[Material to process]:

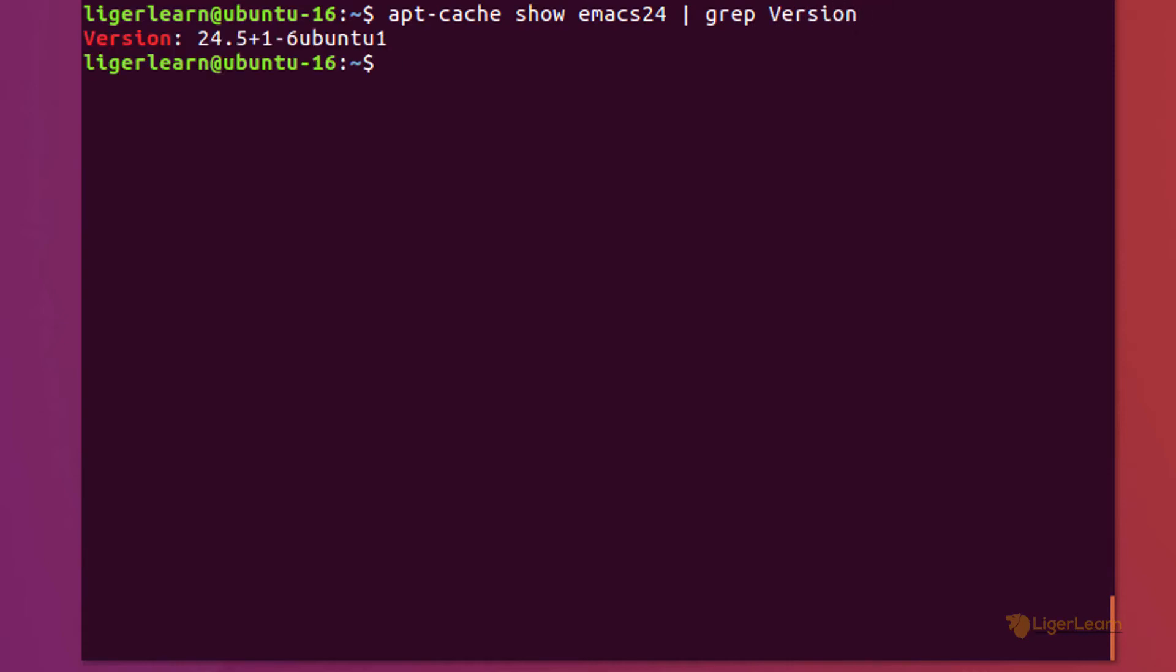The versions of Emacs for either of these packages will be exactly the same regardless of whether or not you require graphical support. So apt-cache show emacs24 shows us that the package version is 24.5.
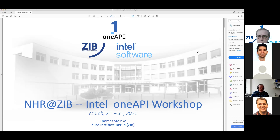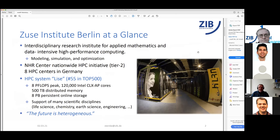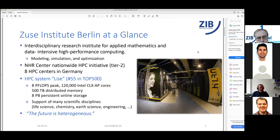A few notes about why we are hosting this workshop and what the Zuse Institute is. ZIB, in short, is an Interdisciplinary Research Institute for Applied Mathematics and High-Performance Computing. At the Institute there are algorithmic developments in the areas of modeling, simulation, and mathematical optimization. On the HPC side, we are one of eight so-called NHR HPC centers in Germany.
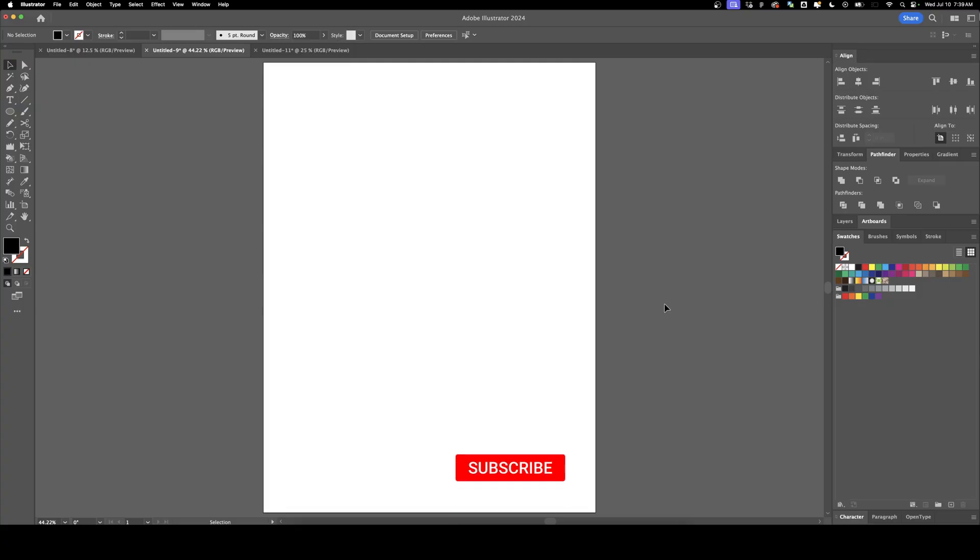Welcome back to DesignSmith. In this video, I'm going to show you how to do a really cool blur text effect in Illustrator and Photoshop. Before we get started, please subscribe to support the channel.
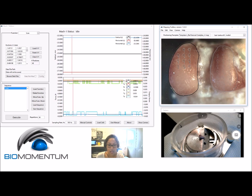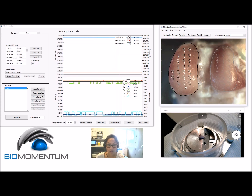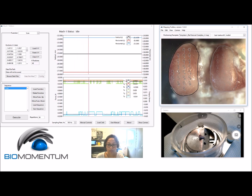Positions could be added one by one according to a snapping grid as shown previously, or anywhere on the sample. Positions could also be imported through a previously created map file.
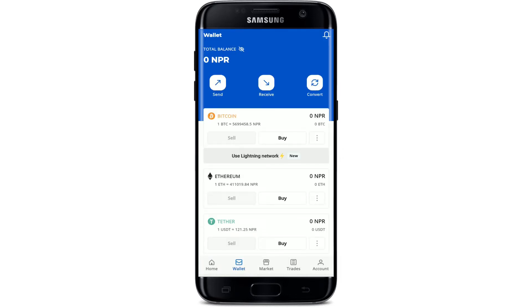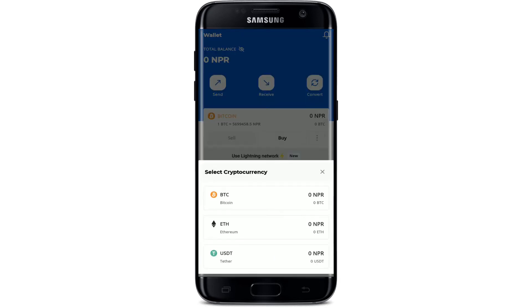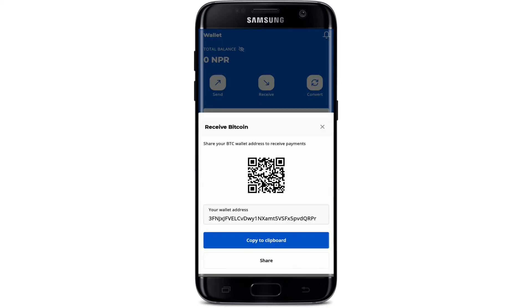Now you'll be able to see this kind of interface. Tap on the receive button from the top of the page and select the cryptocurrency that you want to find or get the QR code of. In my case I'm gonna choose Bitcoin, so let me tap on Bitcoin. Soon after you do that, you'll be able to find the QR code for Bitcoin displayed on the screen. You can share this QR code or your wallet address to receive payments on your Paxful account.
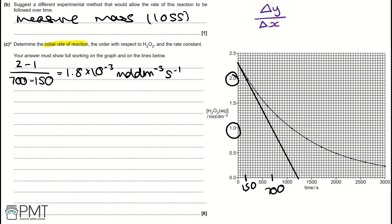Now we work out the order of reaction with respect to H₂O₂ by calculating half-lives — the time for the concentration of hydrogen peroxide to decrease by half. Using concentrations 2 and 1 mol dm⁻³ as our first halving: reading across the graph, 2 mol dm⁻³ corresponds to 200 seconds, and 1 mol dm⁻³ corresponds to 1,100 seconds. Our first half-life is 1,100 − 200 = 900 seconds.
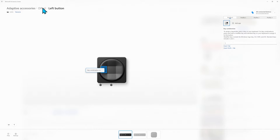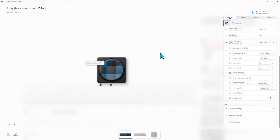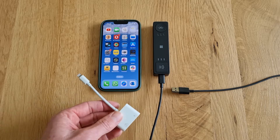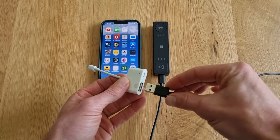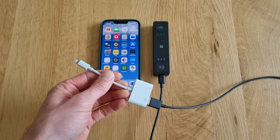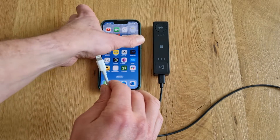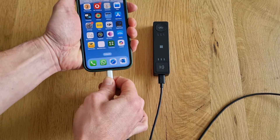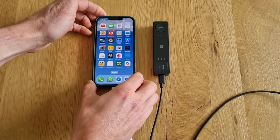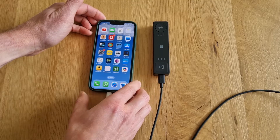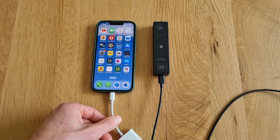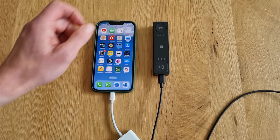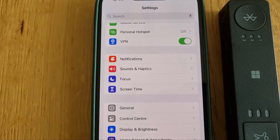Once you've configured everything you want to use, let's move over to the iPhone. To connect the Microsoft Adaptive Hub to the iPhone I'm using a USB-A to Lightning adapter. But if you have a newer iPhone or iPad model with USB-C, the standard USB-C to USB-C cable will do. For switch control on iOS, make sure not to connect over Bluetooth. You can however with Assistive Touch — check out our previous video for that.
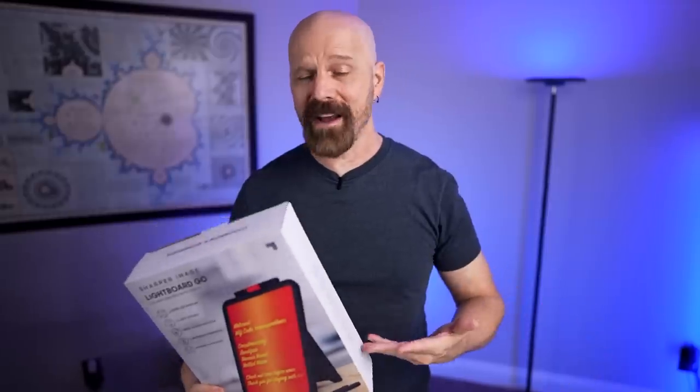Welcome back everybody. Today I'm back with a product called the Sharper Image Light Board Go. It is an LED writing pad, but does it really work? Let's find out in today's video.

[Task statement]:
Give again the stretch of the entries above that begins at the line with "Welcome back to" and ends at the line with "Positions could be", word for word, with no pictures.

[Reply to the exercise]:
Welcome back to DesignSmith. In this video, I'm going to show you how to do a really cool blur text effect in Illustrator and Photoshop. Before we get started, please subscribe to support the channel.
Positions could be added one by one according to a snapping grid as shown previously, or anywhere on the sample. Positions could also be imported through a previously created map file.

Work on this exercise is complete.